These days I discuss economic and geopolitical forecasts with global macro traders in London and New York. These traders need clear probabilities and confidence intervals to build profitable trades. They know the rewards for getting it right can be massive — if they get it right more often than wrong. The job isn’t getting any easier, though.

For two years now I’ve been conducting a survey of global macro traders at six-month intervals on what they consider to be the key global macro variables: a combination of asset prices, currency and interest rates, and security events. Then I examine the actual results and puzzle over what they got right and what they got wrong, and — most important — why. What habits of mind and models account for accuracy or being off the mark?

December’s survey showed that our traders believe that U.S. interest rate normalization will occur slower and later than previously expected, and that the Standard & Poor’s 500 index will go even higher but at a slower pace — against a background of greater volatility as measured by the CBOE’s VIX. They have lost faith in Shinzo Abe’s third arrow in Japan yet remain confident that Xi Jinping’s technocrats in Beijing can keep the Chinese economy growing at a respectable, albeit slower, pace.

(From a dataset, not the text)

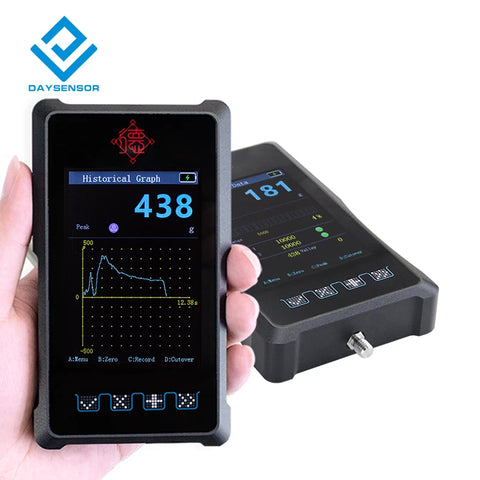 DAYSENSOR Digital Force Gauge 500N Tension Compression Testing Tension Meter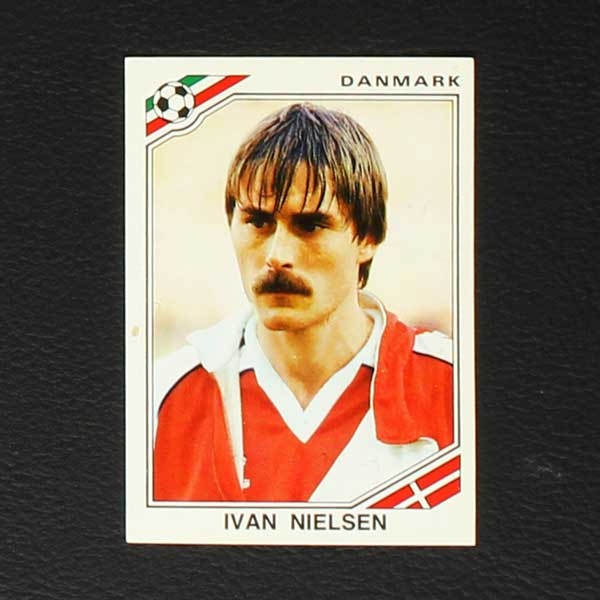 Mexico 86 Nr. 352 Panini Sticker Ivan Nielsen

They are betting that one or more of the weakest emerging-markets players will have a currency crisis in the next six months, with Venezuela at the top of the list of suspects. Oil, they believe, will hit a floor and then bounce around $50 a barrel (for Brent crude) despite the continued expansion of ISIS in the Middle East. They predicted that Mario Draghi would make quantitative easing by the European Central Bank a reality, which he did in January, and they forecast that no “warm water” euro zone country would exit, not even a Syriza-controlled Greece, a belief that the hard-left party put to the test after taking power in late January. Surprised by the intensity of violence in Ukraine and by Vladimir Putin’s neo–cold war belligerence, the traders fear Russia will cast a dark shadow over Europe for some time to come. But aside from the Russian government and ISIS, these traders see the odds of conventional security clashes as being fairly low in the rest of the world, except for cyber- and terrorist strikes, an unpleasant but not existentially threatening feature of the New Ugly Normal.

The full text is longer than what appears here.